Tuesday, May 24, 2011

BETRAYAL OF THE HELLENIC REPUBLIC

GREECE URGED TO USE GERMAN MODEL FOR SELLING ASSETS

LUXEMBOURG Prime Minister Jean-Claude Juncker has called on Greece to set up an agency to privatise state assets along the lines of the German institution that sold off East German enterprises in the 1990s.

“I would very much welcome it if our Greek friends would set up a state privatization agency after the model of the German Treu-handanstalt”,Mr Juncker said in an interview with Germany’s Der Spiegel magazine which is set to run on Monday.

Mr Juncker, who is also chairman of the Eurogroup forum of euro-zone finance ministers, said such an agency should include foreign experts among its staff.

“The European Union will accompany the privatization program as closely as if it were carrying it out itself”, Mr Juncker told the magazine, adding that Greece could gain more from privatization than the 50 billion euro it has estimated.

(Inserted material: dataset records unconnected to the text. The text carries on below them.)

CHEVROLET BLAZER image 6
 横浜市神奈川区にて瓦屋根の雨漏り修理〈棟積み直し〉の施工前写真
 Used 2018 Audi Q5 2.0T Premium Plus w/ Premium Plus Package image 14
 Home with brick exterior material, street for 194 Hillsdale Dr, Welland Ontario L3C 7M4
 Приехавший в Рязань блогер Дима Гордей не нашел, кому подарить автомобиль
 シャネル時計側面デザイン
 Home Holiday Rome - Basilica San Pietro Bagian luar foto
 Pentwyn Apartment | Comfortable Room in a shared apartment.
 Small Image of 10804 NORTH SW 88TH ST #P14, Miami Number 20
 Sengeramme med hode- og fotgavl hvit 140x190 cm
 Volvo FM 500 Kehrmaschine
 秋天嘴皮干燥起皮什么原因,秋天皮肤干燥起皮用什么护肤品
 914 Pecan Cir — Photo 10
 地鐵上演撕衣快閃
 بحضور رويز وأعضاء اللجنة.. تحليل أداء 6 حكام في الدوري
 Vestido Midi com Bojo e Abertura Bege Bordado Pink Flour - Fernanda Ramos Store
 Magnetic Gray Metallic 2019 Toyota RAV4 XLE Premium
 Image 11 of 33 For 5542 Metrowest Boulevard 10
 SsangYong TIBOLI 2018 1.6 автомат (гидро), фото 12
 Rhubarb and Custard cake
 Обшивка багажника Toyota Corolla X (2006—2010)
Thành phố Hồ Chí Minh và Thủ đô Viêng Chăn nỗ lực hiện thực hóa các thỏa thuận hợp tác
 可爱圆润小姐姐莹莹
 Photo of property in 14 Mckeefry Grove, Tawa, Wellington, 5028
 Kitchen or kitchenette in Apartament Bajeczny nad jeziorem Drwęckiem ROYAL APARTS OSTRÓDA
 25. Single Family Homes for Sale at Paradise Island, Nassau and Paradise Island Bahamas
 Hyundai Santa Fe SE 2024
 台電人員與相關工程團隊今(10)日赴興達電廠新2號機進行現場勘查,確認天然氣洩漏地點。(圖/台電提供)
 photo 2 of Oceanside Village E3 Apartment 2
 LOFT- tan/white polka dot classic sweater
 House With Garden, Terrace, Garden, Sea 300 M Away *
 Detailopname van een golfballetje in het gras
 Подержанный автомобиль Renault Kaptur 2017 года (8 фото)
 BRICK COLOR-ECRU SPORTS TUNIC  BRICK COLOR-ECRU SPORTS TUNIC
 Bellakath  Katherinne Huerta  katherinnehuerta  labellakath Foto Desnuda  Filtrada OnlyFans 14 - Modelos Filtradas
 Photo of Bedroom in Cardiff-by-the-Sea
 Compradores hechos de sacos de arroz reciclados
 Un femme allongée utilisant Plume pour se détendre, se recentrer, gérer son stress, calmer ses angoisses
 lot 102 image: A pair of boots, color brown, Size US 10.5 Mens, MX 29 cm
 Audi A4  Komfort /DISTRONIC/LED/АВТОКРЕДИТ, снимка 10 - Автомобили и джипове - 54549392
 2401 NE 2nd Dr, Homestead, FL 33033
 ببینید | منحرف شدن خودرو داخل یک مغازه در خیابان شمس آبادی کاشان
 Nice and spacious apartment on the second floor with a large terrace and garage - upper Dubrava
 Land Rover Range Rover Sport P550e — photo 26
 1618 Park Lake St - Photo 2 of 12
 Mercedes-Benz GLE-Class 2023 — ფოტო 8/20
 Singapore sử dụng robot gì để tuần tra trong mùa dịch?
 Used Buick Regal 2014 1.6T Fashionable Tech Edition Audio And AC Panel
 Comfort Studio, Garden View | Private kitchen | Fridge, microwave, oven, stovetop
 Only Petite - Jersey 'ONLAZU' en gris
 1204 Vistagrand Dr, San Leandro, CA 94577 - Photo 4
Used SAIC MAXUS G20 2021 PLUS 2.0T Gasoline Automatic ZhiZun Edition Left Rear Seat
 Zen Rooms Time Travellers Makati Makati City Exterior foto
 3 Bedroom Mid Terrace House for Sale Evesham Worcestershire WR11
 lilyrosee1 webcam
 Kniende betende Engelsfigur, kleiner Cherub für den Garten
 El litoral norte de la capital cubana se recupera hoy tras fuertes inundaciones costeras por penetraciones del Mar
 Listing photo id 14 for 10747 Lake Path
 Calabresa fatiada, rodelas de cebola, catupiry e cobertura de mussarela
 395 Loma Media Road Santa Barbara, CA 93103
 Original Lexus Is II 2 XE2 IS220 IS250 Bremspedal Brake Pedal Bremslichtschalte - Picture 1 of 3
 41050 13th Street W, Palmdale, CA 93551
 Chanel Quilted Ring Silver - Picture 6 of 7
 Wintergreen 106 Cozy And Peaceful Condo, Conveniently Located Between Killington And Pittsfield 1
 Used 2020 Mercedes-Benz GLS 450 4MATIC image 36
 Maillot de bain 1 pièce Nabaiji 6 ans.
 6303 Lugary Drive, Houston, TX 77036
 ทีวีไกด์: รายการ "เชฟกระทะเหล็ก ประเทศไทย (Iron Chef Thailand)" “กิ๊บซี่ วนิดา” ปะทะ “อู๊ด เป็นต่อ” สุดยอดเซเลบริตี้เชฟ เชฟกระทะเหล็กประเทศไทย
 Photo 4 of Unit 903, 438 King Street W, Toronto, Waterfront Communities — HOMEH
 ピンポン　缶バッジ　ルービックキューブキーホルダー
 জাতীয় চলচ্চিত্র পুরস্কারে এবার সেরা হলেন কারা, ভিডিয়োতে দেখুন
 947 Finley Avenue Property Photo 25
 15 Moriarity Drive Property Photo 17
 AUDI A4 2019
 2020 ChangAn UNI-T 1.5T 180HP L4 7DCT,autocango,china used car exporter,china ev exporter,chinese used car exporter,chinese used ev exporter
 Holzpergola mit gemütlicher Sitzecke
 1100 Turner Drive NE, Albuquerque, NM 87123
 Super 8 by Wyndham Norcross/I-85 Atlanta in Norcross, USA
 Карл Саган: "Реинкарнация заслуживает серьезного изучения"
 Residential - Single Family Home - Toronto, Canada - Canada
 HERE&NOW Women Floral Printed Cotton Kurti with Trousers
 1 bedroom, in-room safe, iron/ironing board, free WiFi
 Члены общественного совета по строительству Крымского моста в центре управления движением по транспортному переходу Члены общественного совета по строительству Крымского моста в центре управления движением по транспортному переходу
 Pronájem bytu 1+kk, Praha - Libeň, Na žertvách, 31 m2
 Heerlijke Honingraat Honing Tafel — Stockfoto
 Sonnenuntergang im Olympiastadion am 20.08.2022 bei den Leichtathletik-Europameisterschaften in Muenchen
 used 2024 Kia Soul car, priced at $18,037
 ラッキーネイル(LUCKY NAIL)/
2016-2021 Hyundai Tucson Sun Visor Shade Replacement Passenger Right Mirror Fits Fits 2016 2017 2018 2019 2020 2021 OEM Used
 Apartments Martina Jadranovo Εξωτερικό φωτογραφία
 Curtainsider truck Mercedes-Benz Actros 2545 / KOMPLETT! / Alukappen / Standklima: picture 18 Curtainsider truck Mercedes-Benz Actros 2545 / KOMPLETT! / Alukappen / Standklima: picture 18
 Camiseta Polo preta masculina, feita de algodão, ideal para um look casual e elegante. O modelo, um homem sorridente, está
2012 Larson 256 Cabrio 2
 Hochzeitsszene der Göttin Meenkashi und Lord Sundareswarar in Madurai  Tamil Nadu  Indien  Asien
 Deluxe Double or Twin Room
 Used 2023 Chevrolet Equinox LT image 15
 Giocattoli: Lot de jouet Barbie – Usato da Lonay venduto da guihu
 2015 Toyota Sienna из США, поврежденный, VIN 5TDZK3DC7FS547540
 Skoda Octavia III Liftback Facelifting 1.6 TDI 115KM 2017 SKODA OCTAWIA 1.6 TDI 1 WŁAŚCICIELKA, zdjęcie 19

Mr Juncker said a so-called soft restructuring by extending the maturities of Greek debt could only be considered once Greece had consolidated its budget.

“Then we can consider to extend the maturities of public and private loans, and lower interest rates”, he is quoted as saying.

Mr Juncker also called on Greece’s two biggest political parties to end their bickering.

“The government and the opposition should declare jointly that they commit to the reform agreements with the European Union”, Mr Juncker said.

Meanwhile, French Finance Minister Christene Lagarde signaled that Paris might support a rescheduling of Greek debt, warning Greece was at risk of default if it didn’t do more to bring its public finance into order.

The comments mark a shift in France’s position in a debate that has pitted Germany and other euro-zone governments against the European Central Bank, which opposes any form of restructuring of Greek debt.

French support for proposals of a soft restructuring would leave the ECB isolated in its opposition.

Germany and other euro-area states have warmed to the idea of extending maturities – which is technically considered a default – given the size of Greece’s debt burden and its bleak economic prospects.

France had sided with the ECB in opposing restructuring, but Ms Lagarde’s comments suggest Paris is softening its stance.

The stand-off between the ECB and euro-area governments reflects how intractable the Greek crisis has become. A year after extending Athens a bailout, it has become clear the 110 bn Greece was promised by its euro-zone neighbours and the International Monetary Fund won’t be enough to solve its financial crisis.

Europe must now decide whether and how to keep Greece from defaulting.

The ECB worries that a restructuring, in any form, would do irreparable damage to the euro-zone’s reputation with investors. Germany and euro-area states, in turn, are concerned about the political cost of continuing to support Greece without forcing Athens and its creditors to make concessions.

The central bank kept up its insistence on Friday that even a soft restructuring was not acceptable and again threatened to withhold funding for Greek banks, with the warning this time coming from the newly installed head of Germany’s central bank.

Changing Greek bond maturities “cannot substitute for fulfilling the adjustment program”, undertaken by Greece, Bunddesbank president Jens Weidmann said. A reprofiling in the current market environment “would make it impossible to accept them as collateral for refinancing operations under the existing rules of the Eurosystem’s collateral framework, and consequently large parts of the Greek financial sector would be cut off from funding”, he said.

THE POLITICAL PARTIES OF GREECE ARE TOTALLY RESPONSIBLE FOR THE LOSS OF HELLENIC ECONOMIC SOVEREIGNTY and INDEPENDENCE.

THEIR TOTAL IRRESPONSIBITY IN GOVERNMENT &  OPPOSITION in the last 35 to 40 years has brought the country to its knees and destroyed the lives of its people.

So what does the Hellenic Republic need ? Does it need a new philosophical political order? Does it need to rid itself of these corrupt politicians and failed political parties? Do the Hellenic people need a new Parliamentary Order to replace the old, so as to bring about much needed renewal and hope?